En algún momento empiezo a preocuparme porque recuerdo de golpe que con esto de la mudanza y el viaje a París he vuelto a descuidar al equilibrista.

-¿No te da vergüenza, pajero?- quiere saber el pelado- ¿ cómo es posible que con todo el tiempo que tenés seas incapaz de escribir una sola página para el bloc?

-Fue un mes complicado- me defiendo.

-Andá a cagar- grita indignado- Sos un fantasma, ¡un hijo de puta!. Toda la vida tuviste excusas de todos los colores, y ahora que ligaste la beca, que por fin te sacaste de encima el yugo, todavía te queda cara para quejarte.

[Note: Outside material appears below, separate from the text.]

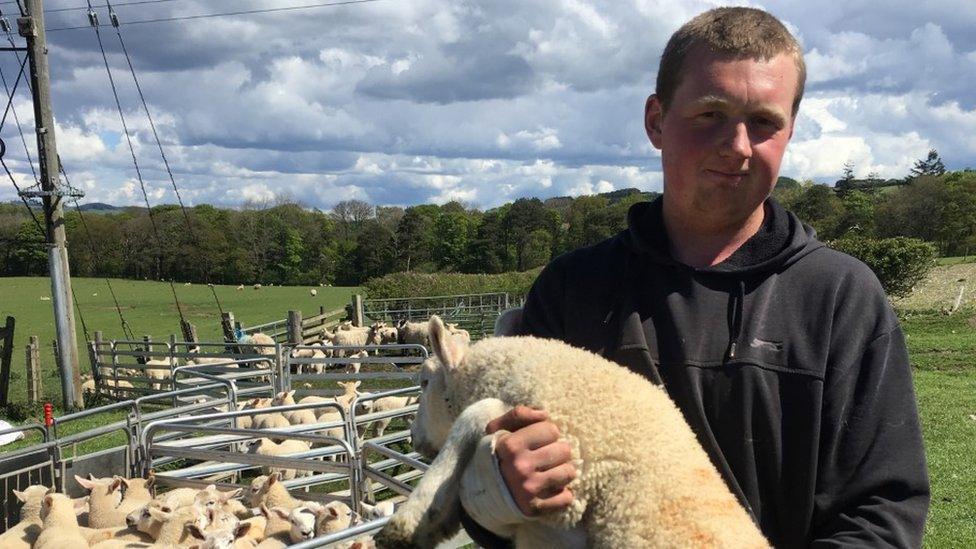 farmer with sheep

Caradura... ¡Fantasma! “Un mes complicado”- se burla.

-Qué querés, pelado, vos ya me conocés: tengo que quejarme, es más fuerte que yo, como una vocación... ¡es una vocación insobornable!

-Dejate de joder y ponete a escribir- me ordena serio- Ahora mismo.

-Ok, bajo a comprar puchos y ahora me pongo.

-Ahora mismo- repite. El pelado es implacable.

Así que acá estoy, me puse a garabatear esta nota para que no me rompiera más los huevos; y como casi la estoy terminando me parece que voy a bajar a buscar esos puchos de una vez, porque me están entrando unas ganas bárbaras de escuchar el piano extraordinario de Thelonious Monk, descorchar una botella y empezar a preparar -tranquilamente, sin ninguna prisa, mientras disfruto del piano y del vino- alguna exquisitez para cuando vuelva la bruja.

¿Por qué escribo todo esto? No sé, tal vez para recordar cuando caiga sobre esta nota dentro de algún tiempo, para recordarme a mí que tanto me gusta quejarme, que alguna vez viví contento sin buscar motivos de queja. Que en este extraño momento de mi vida viví completamente ajeno al calendario con feriados en rojo y a los absurdos horarios de trabajo. Que pude hacer, cada día, muchísimas de las cosas que había querido hacer siempre.

O quizá para que te mueras de envidia, negro, quién puede saberlo.

*

(*) A pesar de las comillas y la cursiva la frase no es del todo textual. Primero porque no sé francés. Y segundo porque estoy un poco lejos y a trasmano de los libros que solía consultar en mi adolescencia.